Nah, antara empirisme-sensionalisme ini mengutamakan pendidikkan yah, guys!
3. Positivisme
Nah! Alhamdulillah, kita tiba di materi terakhir, nih. :D Ada yang tau apa itu positivisme? Atau bahkan kata 'positif'? Haha..sebenarnya, positivisme dengan positif sama sekali ngga ada hubungan dari segi pengertiannya ya, guys! Positivisme itu adalah sebuah ilmu penegtahuan yang menjabarkan pernyataan faktual dalam setiap pencerapan (sensasi). Dalam Positivsme itu, terdapat proses pengkuran yang harus lebih teruji nih, temen-temen. Bisa dibilang, pada aliran positivisme ini, jika kita ingin menyimpulkan sebuah ilmu pengetahuan, maka kita harus bisa uji asumsi terlebih dahulu. Pengalamannya dapat diukur apa enggak? Kalau dapat, gas aja kita tarik kesimpulan sebagai ilmu pengetahuan. Hehe, eits, nggak segampang itu juga ya, guys. Sederhananya lagi nih, positivisme ini menekankan segala sesuatu yang dapat terukur dan teramati itu bisa disebut sebagai pengetahuan. Positivisme itu percaya sesuatu yang berlandaskan fakta dan valid datanya (peristiwa tersebut benar-benar terjadi).
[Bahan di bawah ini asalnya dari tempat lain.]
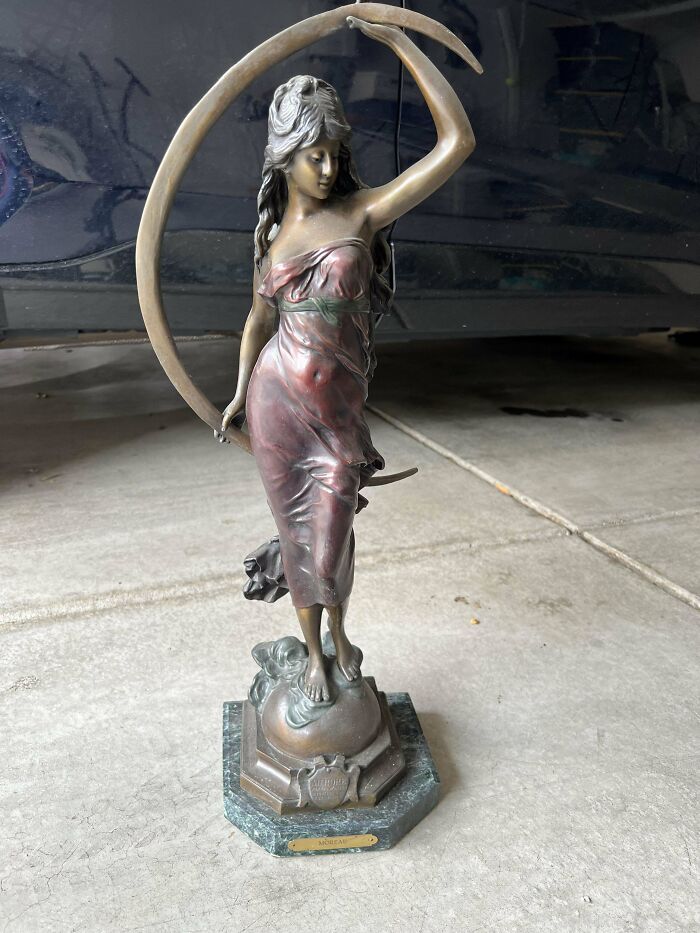 Bronze statue of a woman holding a crescent moon on a decorative base, a beautiful old collectible item.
Penasaran nggak, kira-kira, Psikologi sudah bisa dikatakan sebagai ilmu nggak sih pada masa positivisme ini? Jawabannya, ENGGAK, yah guys! Kenapa? Karena psikologi sendiri hakikatnya adalah untuk mengukur emosi seseorang. Dimana, pada saat itu, emosi itu termasuk sesuatu yang abstrak nggak, sih? Gimana sih cara kita bisa ngamatin emosi? Gimana cara kita bisa lihat emosi? Terus, emosi seperti bahagia, marah, sedih itu punya variabel tertentu yang bisa memungkinkan kita untuk mengukurnya? Nah, karena keterbatasan ilmu pada masa itu, emosi jadi ngga bisa diukur ataupun diamati ya guys. Jadi, Psikolog belum bisa dikatakan sebagai ilmu pada masa itu.
Ohiya, tokoh dari positivisme ini adalah Auguste Comte. Comte ini punya The Law of Three Stages:
a. The theological
b. The metaphysical
c. The scientific
Kemudian ada Ernest March (kita tidak bisa merasakan dunia fisik secara langsung).